[Data]:

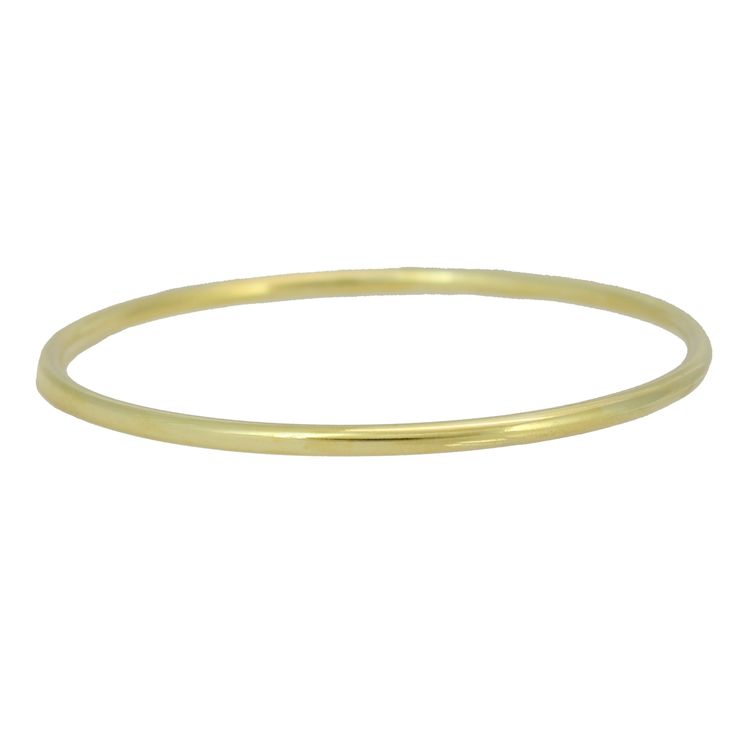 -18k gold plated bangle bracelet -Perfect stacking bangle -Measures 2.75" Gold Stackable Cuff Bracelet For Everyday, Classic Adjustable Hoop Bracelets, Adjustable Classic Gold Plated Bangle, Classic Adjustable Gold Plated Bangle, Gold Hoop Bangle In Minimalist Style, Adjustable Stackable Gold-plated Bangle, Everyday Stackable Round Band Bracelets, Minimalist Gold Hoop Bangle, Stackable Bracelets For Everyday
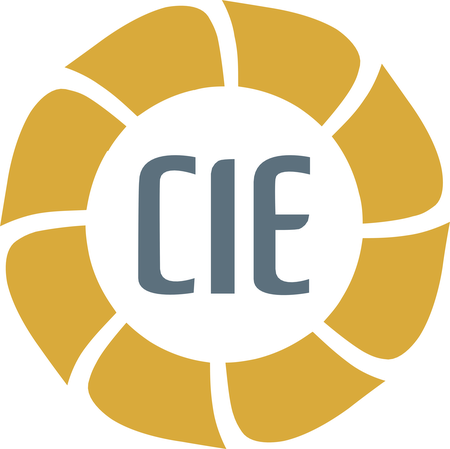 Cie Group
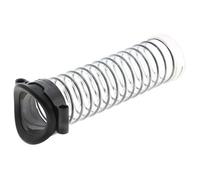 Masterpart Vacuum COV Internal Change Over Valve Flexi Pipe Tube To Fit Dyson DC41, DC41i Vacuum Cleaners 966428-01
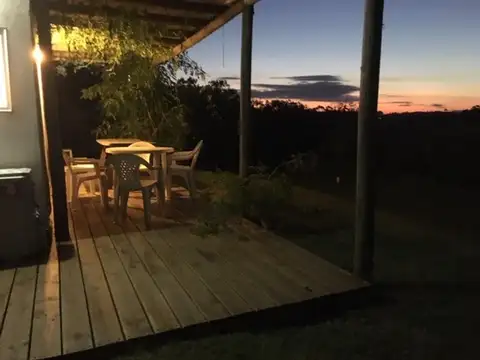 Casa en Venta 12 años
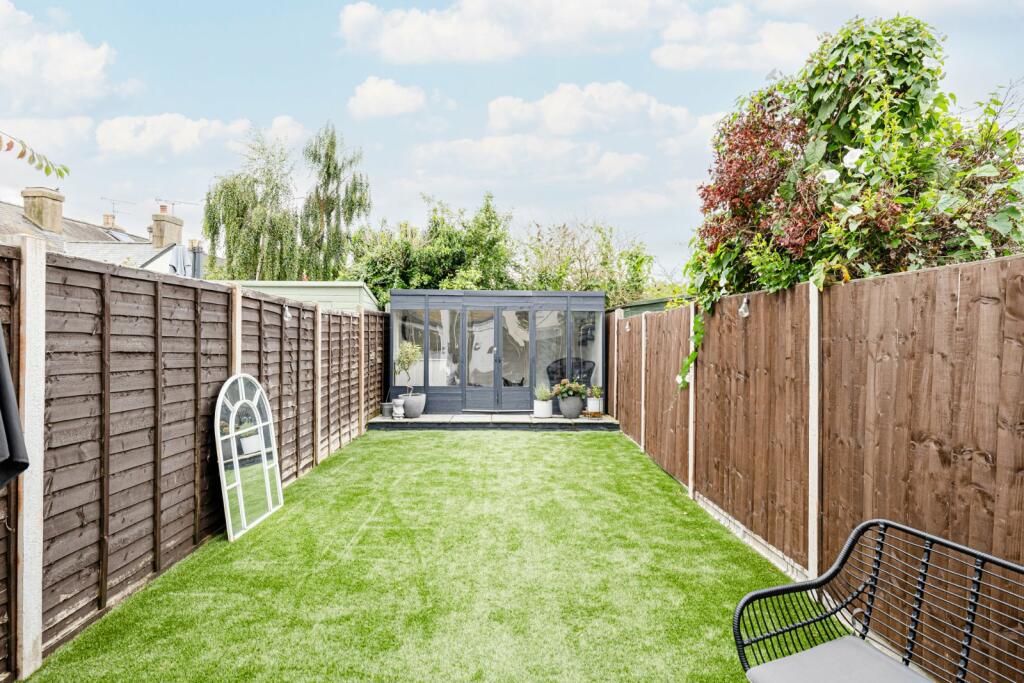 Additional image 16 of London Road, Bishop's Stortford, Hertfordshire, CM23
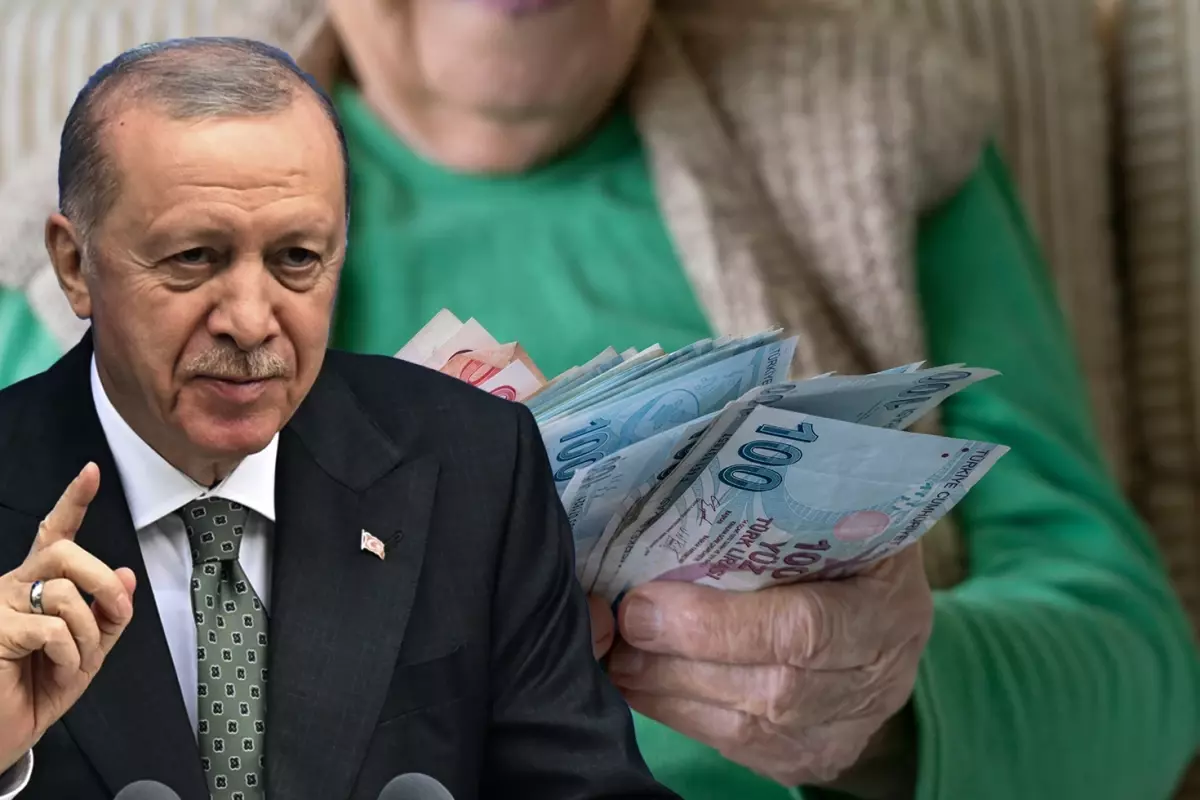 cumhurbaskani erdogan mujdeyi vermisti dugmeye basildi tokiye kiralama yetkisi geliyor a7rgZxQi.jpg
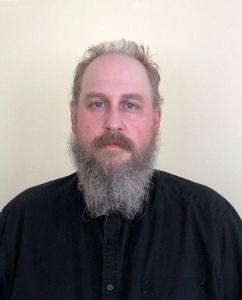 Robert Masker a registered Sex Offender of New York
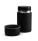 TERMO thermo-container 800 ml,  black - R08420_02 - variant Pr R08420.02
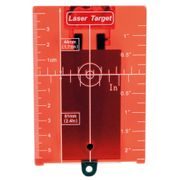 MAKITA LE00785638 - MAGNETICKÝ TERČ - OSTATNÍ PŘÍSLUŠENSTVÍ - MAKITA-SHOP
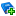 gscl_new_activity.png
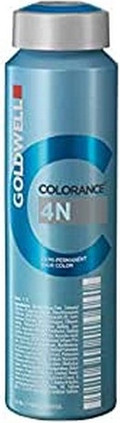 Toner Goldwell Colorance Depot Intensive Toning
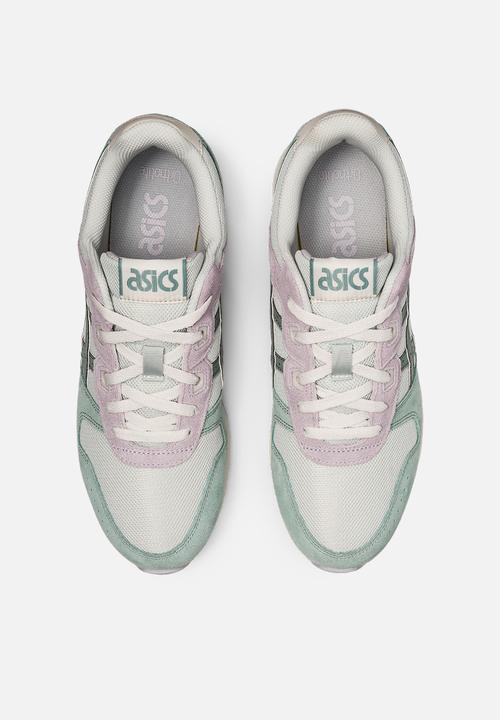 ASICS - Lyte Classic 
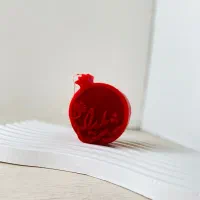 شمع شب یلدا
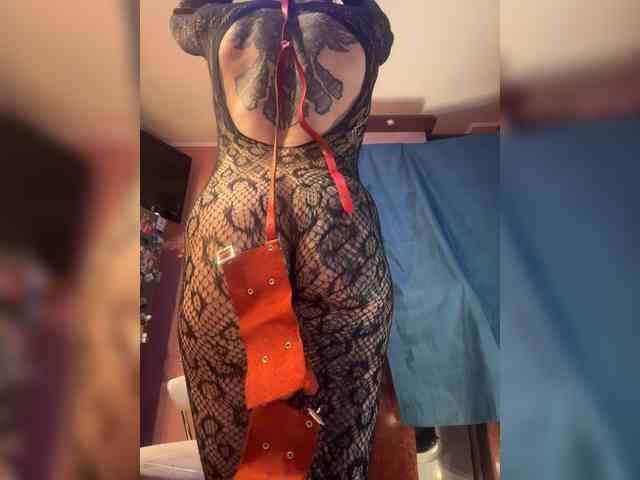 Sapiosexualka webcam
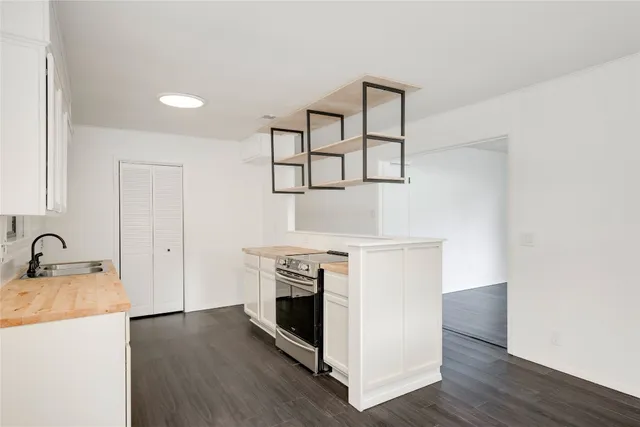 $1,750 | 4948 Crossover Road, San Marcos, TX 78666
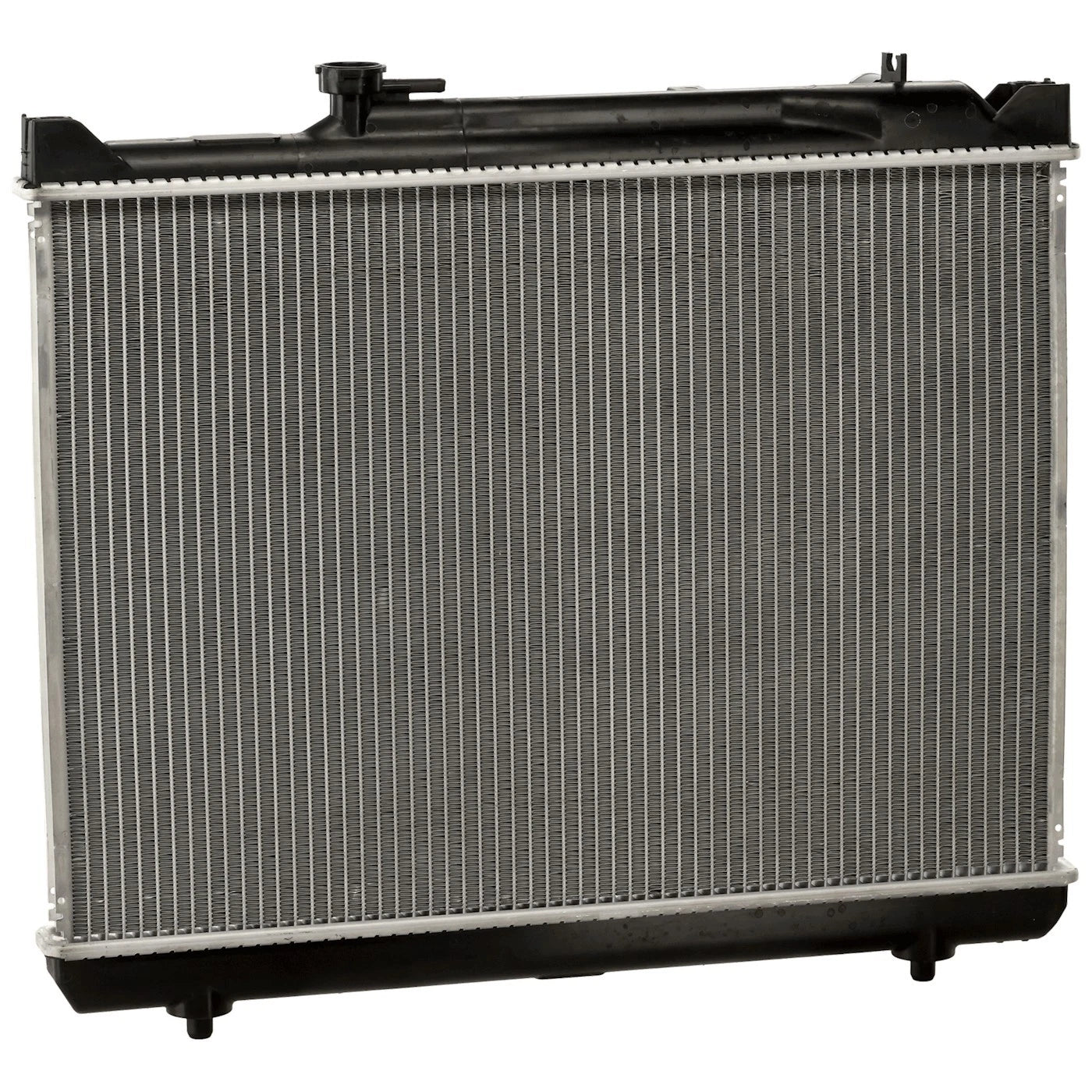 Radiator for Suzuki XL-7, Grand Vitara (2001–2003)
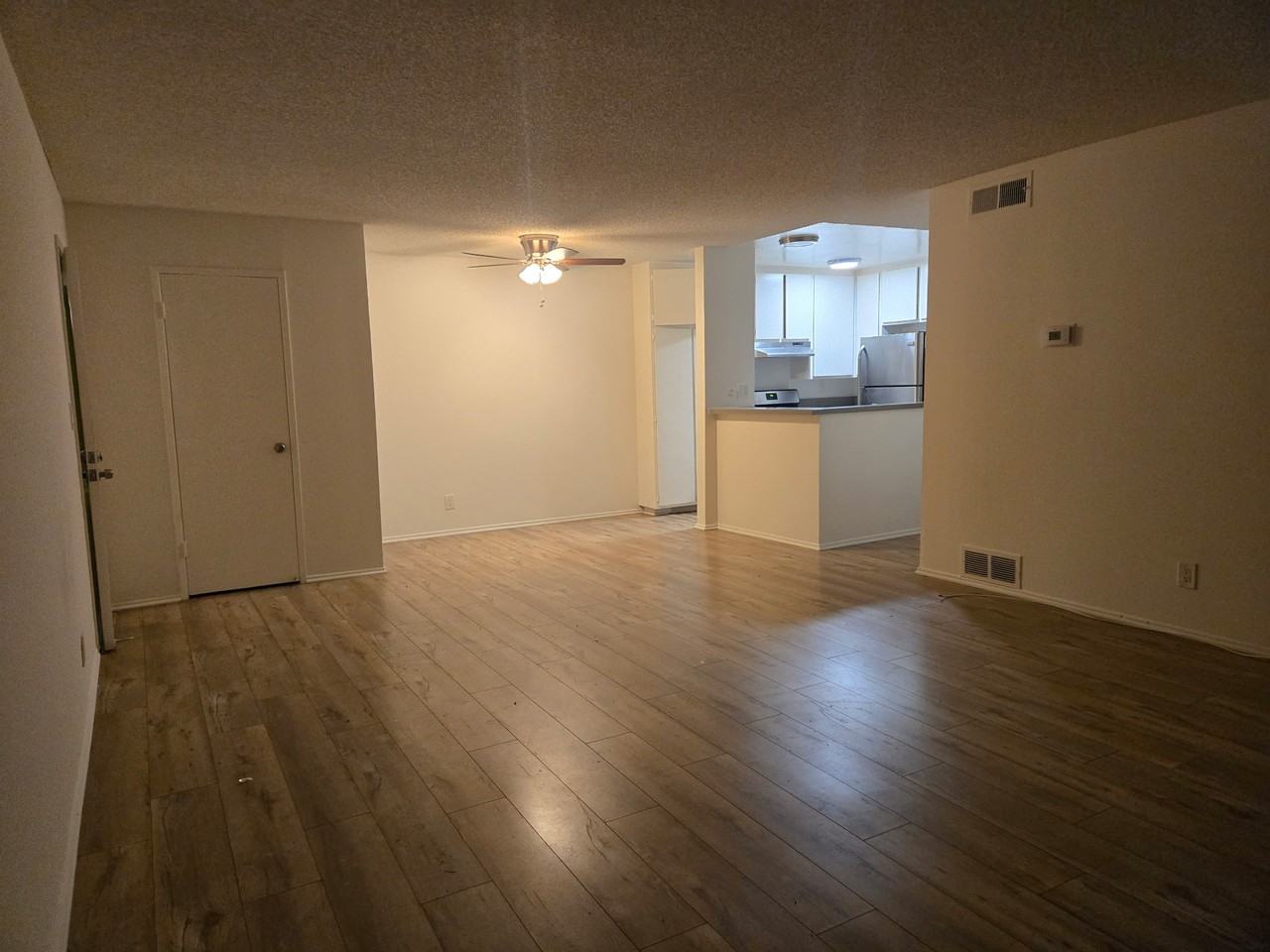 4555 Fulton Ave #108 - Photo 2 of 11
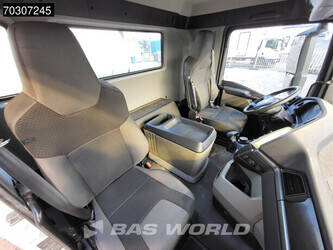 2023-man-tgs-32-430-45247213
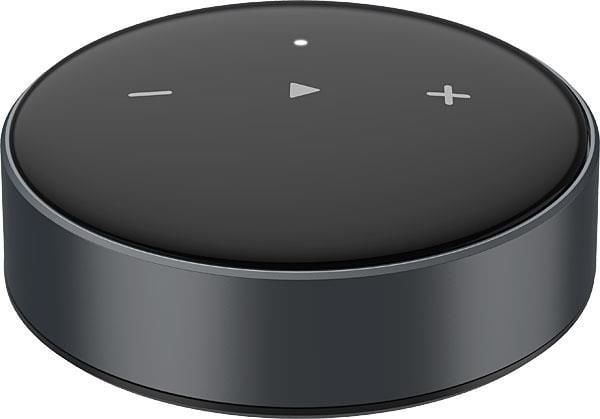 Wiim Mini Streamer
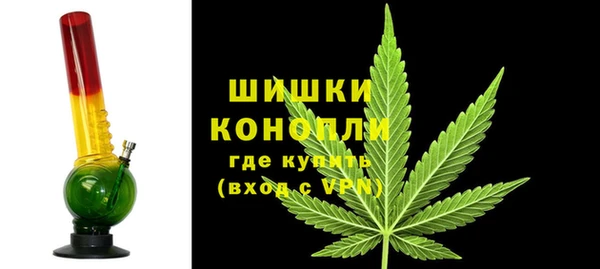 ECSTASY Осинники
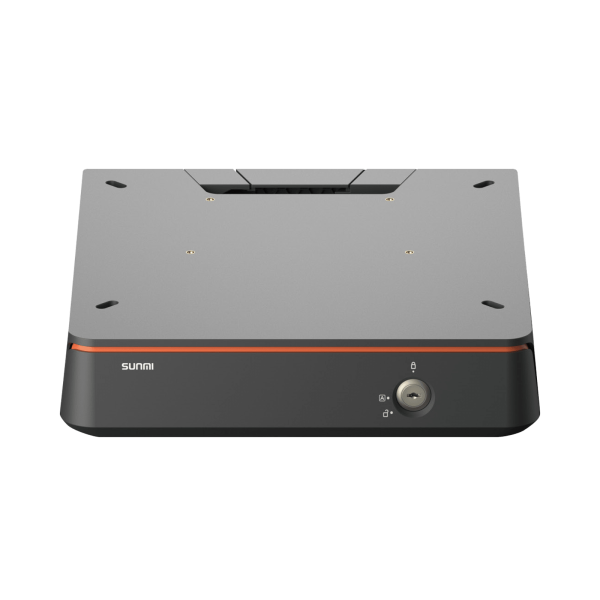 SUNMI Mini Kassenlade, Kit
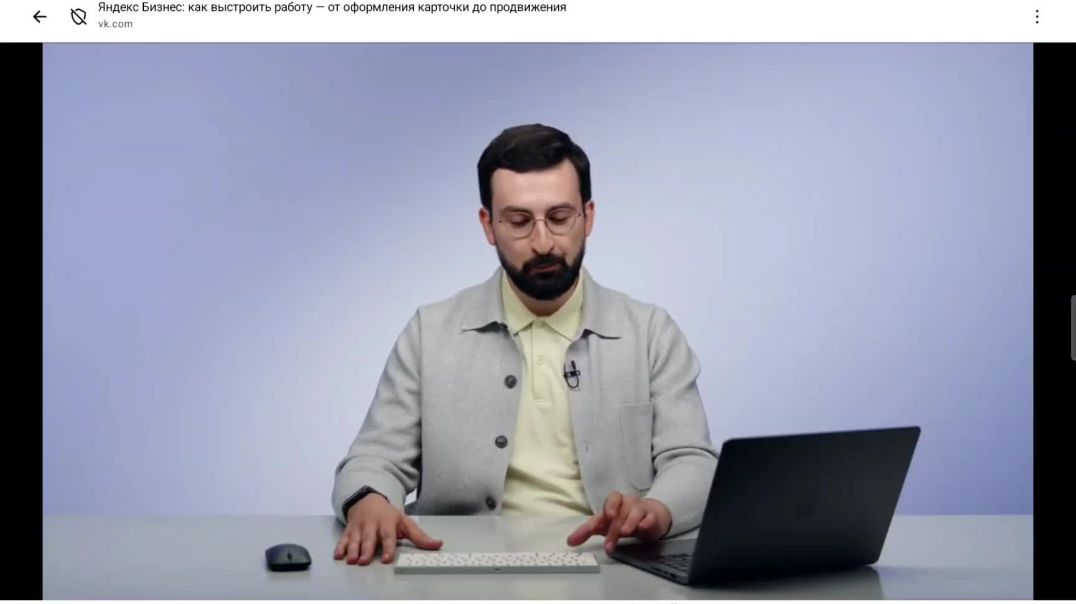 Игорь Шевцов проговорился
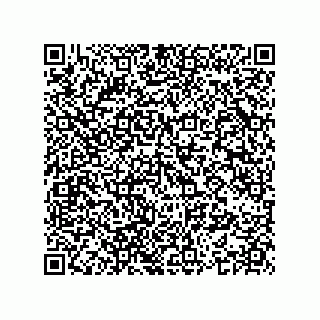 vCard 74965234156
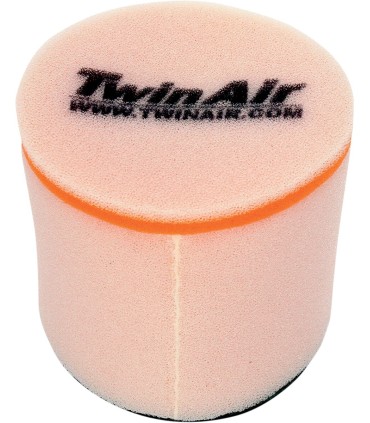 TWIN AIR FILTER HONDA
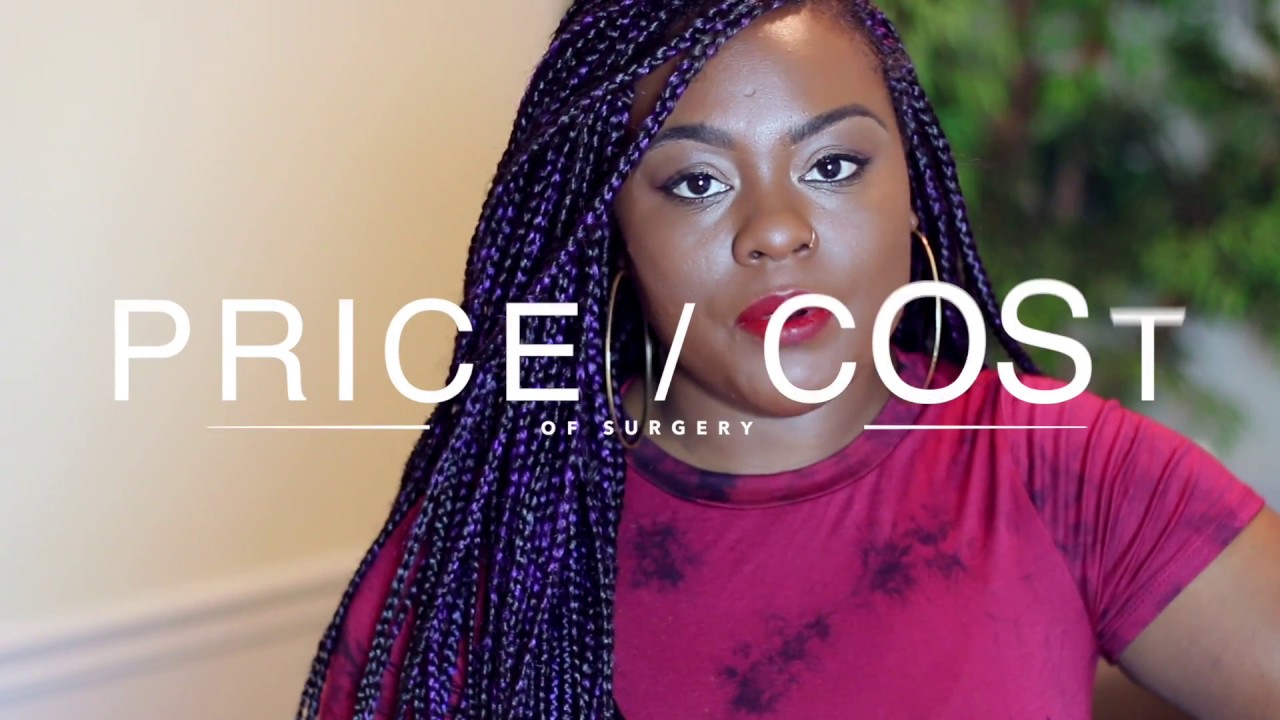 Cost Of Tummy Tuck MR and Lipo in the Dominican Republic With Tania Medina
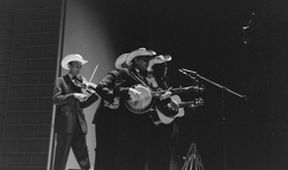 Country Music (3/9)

[Work instruction]:
Take the line that contains "4555 Fulton Ave #108 - Photo 2 of 11" and every line after it down to the last line of the entries above, and output them exactly, with nothing else and no pictures.

[Task answer]:
 4555 Fulton Ave #108 - Photo 2 of 11
 2023-man-tgs-32-430-45247213
 Wiim Mini Streamer
 ECSTASY Осинники
 SUNMI Mini Kassenlade, Kit
 Игорь Шевцов проговорился
 vCard 74965234156
 TWIN AIR FILTER HONDA
 Cost Of Tummy Tuck MR and Lipo in the Dominican Republic With Tania Medina
 Country Music (3/9)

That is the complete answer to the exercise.